## Assignment
Which lines of the data include the string "Training"? List them all.

Saved data entries:
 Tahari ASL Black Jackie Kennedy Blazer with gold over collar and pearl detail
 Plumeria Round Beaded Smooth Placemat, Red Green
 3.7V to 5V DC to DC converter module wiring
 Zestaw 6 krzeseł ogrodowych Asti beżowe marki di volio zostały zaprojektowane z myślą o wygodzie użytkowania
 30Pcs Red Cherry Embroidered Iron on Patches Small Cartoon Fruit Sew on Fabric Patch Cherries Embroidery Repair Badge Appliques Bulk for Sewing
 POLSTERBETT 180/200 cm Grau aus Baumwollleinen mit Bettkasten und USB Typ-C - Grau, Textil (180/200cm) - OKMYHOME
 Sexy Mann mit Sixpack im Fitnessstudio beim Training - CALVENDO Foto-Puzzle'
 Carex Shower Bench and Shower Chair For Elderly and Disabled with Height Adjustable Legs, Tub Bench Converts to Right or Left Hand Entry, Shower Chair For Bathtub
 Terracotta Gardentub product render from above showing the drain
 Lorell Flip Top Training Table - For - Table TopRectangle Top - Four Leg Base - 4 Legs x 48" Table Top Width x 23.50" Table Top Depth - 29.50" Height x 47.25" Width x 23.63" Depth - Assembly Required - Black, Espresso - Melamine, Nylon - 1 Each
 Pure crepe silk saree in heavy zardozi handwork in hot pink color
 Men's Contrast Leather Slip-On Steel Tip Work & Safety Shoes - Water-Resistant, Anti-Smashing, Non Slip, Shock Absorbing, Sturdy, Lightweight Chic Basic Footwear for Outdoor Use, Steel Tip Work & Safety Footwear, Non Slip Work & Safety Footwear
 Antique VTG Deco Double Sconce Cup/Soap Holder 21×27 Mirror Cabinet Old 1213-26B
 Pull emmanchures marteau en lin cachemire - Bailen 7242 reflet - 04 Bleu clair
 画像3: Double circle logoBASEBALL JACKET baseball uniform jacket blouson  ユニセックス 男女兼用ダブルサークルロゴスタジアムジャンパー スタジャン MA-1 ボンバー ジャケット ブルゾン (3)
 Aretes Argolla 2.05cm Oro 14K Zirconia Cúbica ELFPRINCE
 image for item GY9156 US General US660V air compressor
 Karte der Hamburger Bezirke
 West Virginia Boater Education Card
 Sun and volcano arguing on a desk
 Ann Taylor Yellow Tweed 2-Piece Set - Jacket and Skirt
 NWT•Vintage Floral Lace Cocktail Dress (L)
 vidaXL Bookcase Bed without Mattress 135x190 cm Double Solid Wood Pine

## Task result
 Sexy Mann mit Sixpack im Fitnessstudio beim Training - CALVENDO Foto-Puzzle'
 Lorell Flip Top Training Table - For - Table TopRectangle Top - Four Leg Base - 4 Legs x 48" Table Top Width x 23.50" Table Top Depth - 29.50" Height x 47.25" Width x 23.63" Depth - Assembly Required - Black, Espresso - Melamine, Nylon - 1 Each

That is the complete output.